Bob looked again at his female companion who stepped forward and held out her hand with a warm smile. “Hi Tiffany, I’m Justine Hartwell.” Tiffany took the woman’s hand and shook it, looking at Bob in confusion.
Justine spoke, “Why don’t we all go sit down somewhere?”
Tiffany led them into the den and sat down on the couch. Bob picked up the remote and turned off the television. Justine sat on the edge of the coffee table and took one of Tiffany’s hands. Tiffany looked at Bob, and her eyes had grown wide with fear. “Bob,” she asked, and her voice trembled, “what’s going on?”
Bob looked at the floor for a minute, and then met her eyes. “Tiffany, it’s your folks. There’s been an accident.” Tiffany gasped and pulled her hand from Justine’s. She looked at the woman in front of her with accusation in her eyes. “What happened? Why are you here?”
Bob shuffled his feet, and Justine took her hand again. “Tiffany,” she said softly, drawing the younger woman’s attention to her, “there’s been an accident. I’m sorry honey, but your parents have been killed.”
Tiffany just stared at her, as if trying to make sense of the words. Justine moved from the coffee table to the couch, and put her arm around Tiffany. Tiffany looked at her as if she was still trying to solve a difficult puzzle. “What happened?” she asked. Justine looked over at Bob, who answered.
“We’re still not completely sure. It was a head-on collision out on route 723. It looks like your dad was trying to pass a tractor on a hill, and the oncoming truck was driving too fast.” Bob stopped for a moment, wondering how much he needed to tell her. “The driver of the truck was also killed, and the driver of the tractor is in critical condition. It will be awhile before we know everything.”
Justine spoke again, “Tiffany, I’m a grief counselor with the county, and I’m going to stay here with you until you can reach someone else. Do you have someone to call honey? A friend who can come over and stay with you?” On the way to the Szczepanski’s house, Bob had briefed Justine on the situation with Tiffany, and that she didn’t really have any friends in town.
Tiffany sat on the couch with a stranger’s arm around her, her thoughts drifting into her head slowly, like fallen leaves drifting downstream. Suddenly everything seemed to be going in slow motion, and she couldn’t make her mind form thoughts properly. Bob cleared his throat and she looked up at him, her expression confused.
“Is there anyone you can call?” he asked, repeating Justine’s question. “Justine can stay with you tonight, but is there anyone else you can talk to who can come and stay with you?”
She looked at him blankly for a moment and slowly shook her head. Then she stopped for a moment and said slowly, “Oh, wait. Well, yes, there is a call I guess I should make.” Justine and Bob exchanged a look as Tiffany got up from the couch and wandered out of the room. Justine nodded at Bob and followed.

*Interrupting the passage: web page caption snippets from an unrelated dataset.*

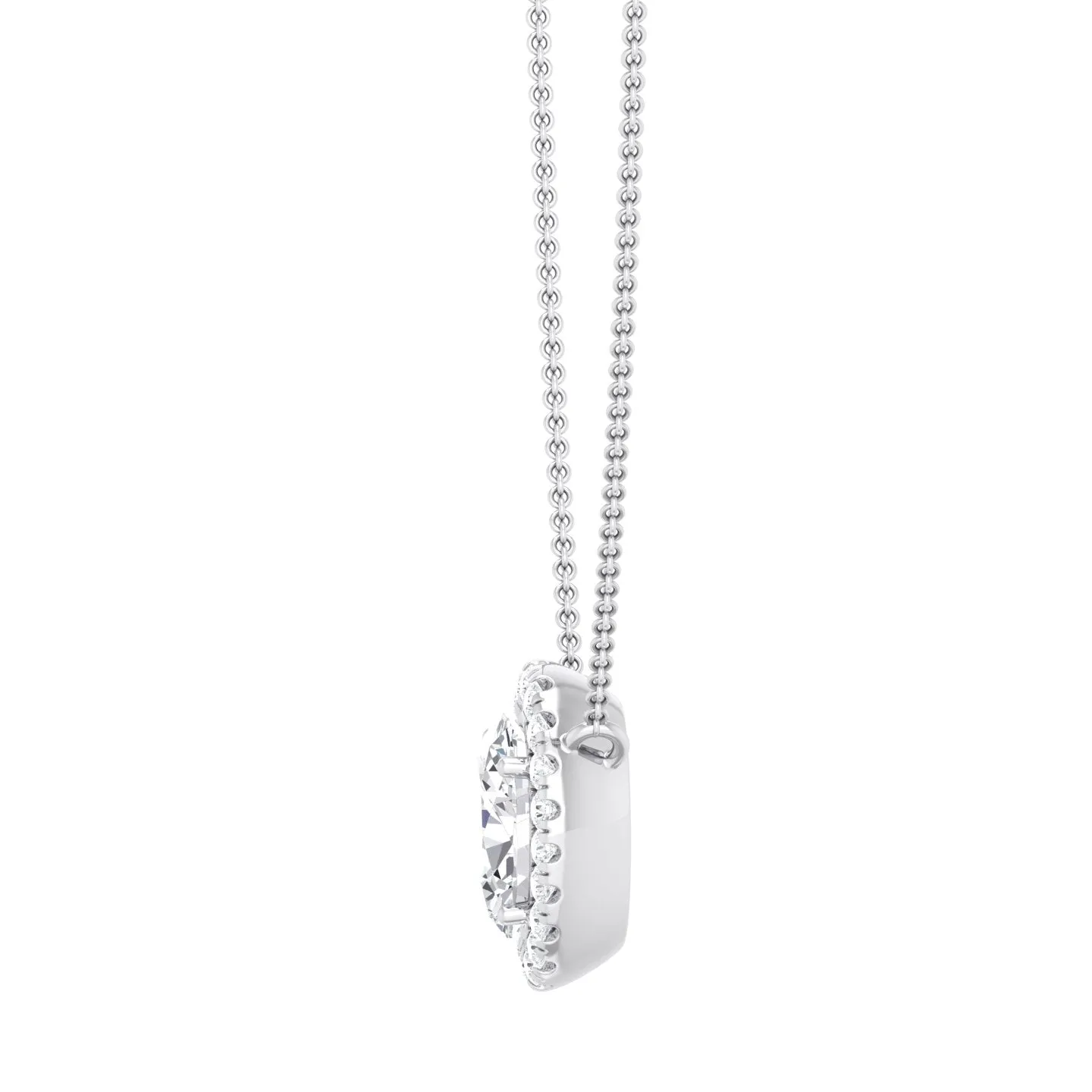 Halo Oval Lab Grown Diamond Pendant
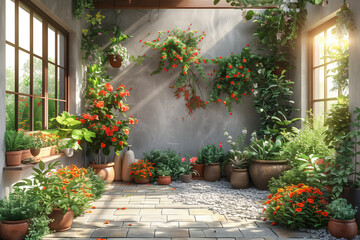 Vibrant geraniums decorate the stone window boxes of a charming Italian village home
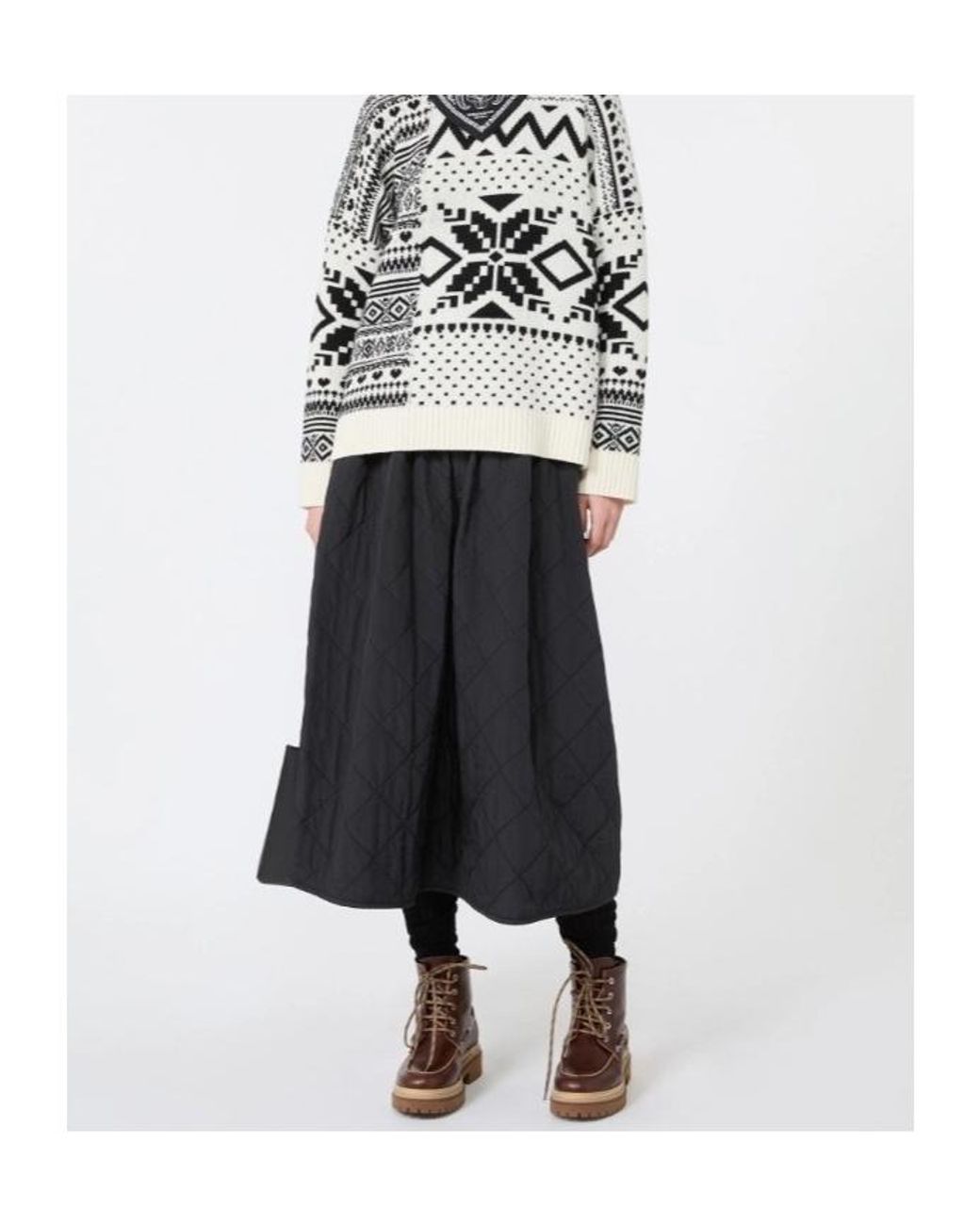 Weekend by Maxmara Blue Technical Plain-Weave Fabric Flared Skirt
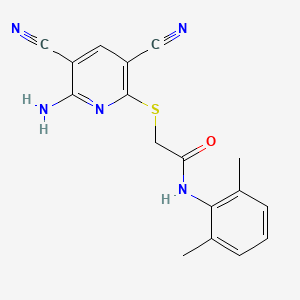 molecular formula C17H15N5OS B5560116 2-[(6-amino-3,5-dicyano-2-pyridinyl)thio]-N-(2,6-dimethylphenyl)acetamide 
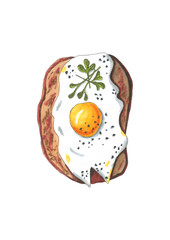 watercolor illustration of a delicious fried egg with bread and herbs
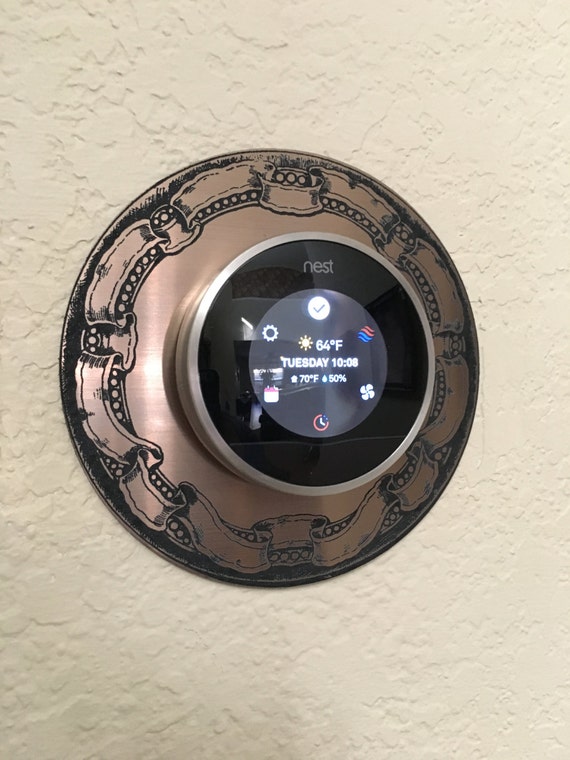 Nest Thermostat 6 Antique Bronze wall plate with Antique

Bob took a few steps away from her and spoke into his shoulder radio. He told his dispatcher that he was going to be another hour or so, and he wasn’t sure how long Justine would need to stay. When he finished, he could hear the murmur of Tiffany’s voice in the other room, and the sound of her weeping.

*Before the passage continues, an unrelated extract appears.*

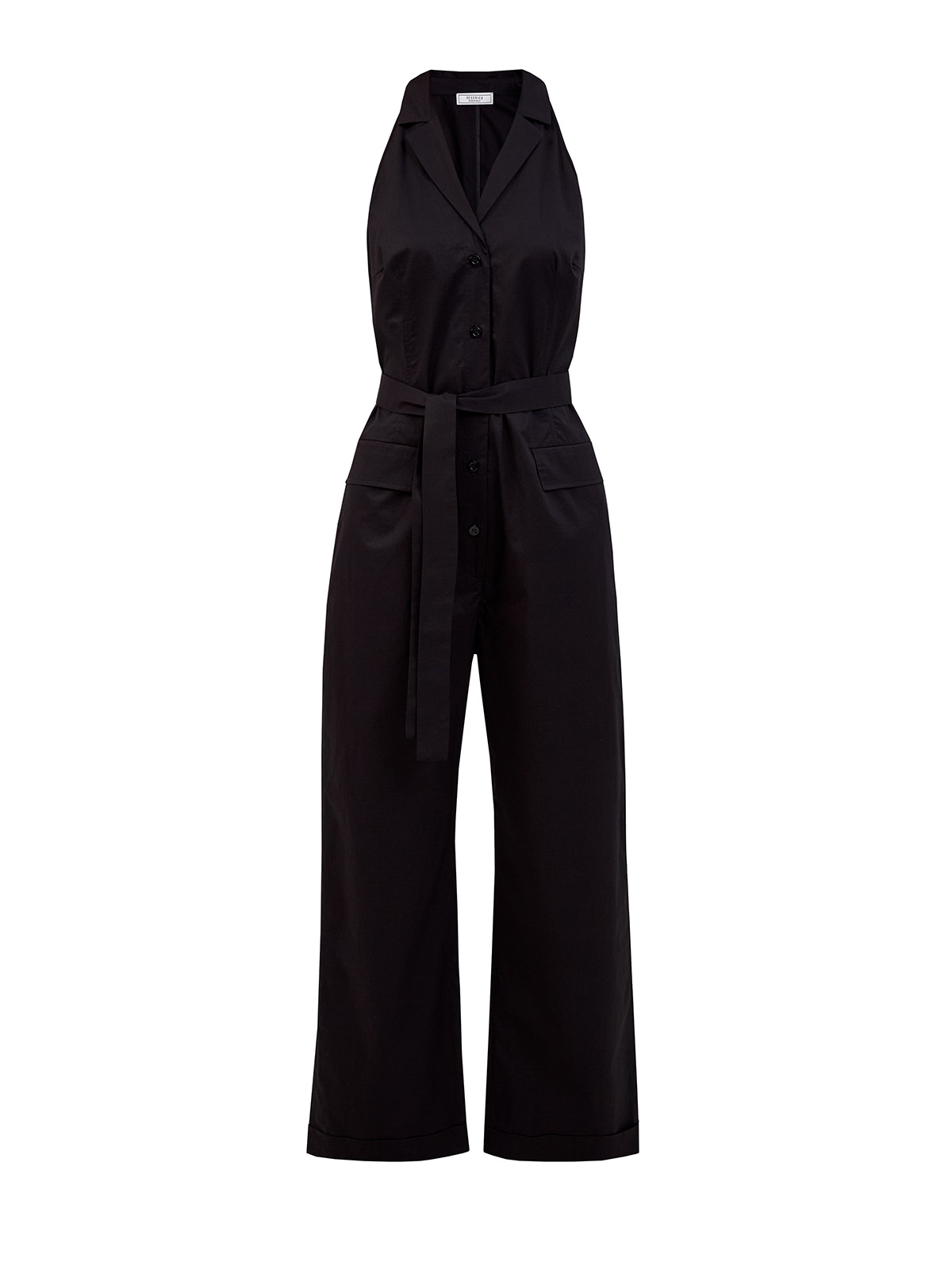 

Хлопковый комбинезон c V-образным вырезом и поясом в тон, Черный, Хлопковый комбинезон c V-образным вырезом и поясом в тон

Justine returned a moment later, her arm still around Tiffany. The three of them sat on the couch, and Justine began to talk softly. Bob didn’t pay much attention to what she was saying, but was wondering who on earth Tiffany could have called, and who would be coming to stay with her. He’d always thought of her as spoiled and a little selfish, but right now he just felt a profound sense of sadness. He reached over and patted her knee, and felt ashamed that he was wondering how long he would have to stay. He really just wanted to go and be anywhere else right now. He heard Tiffany saying that someone would be there in a few hours, and saw Justine hand the young woman a glass of water and some kind of pill. Then she led her out of the den and told Bob he could go, that she would put Tiffany to bed and stay until whoever she called arrived. Bob tried not to look relieved and hoped he didn’t look like he was rushing out the door. But neither woman seemed to notice as he made his way out.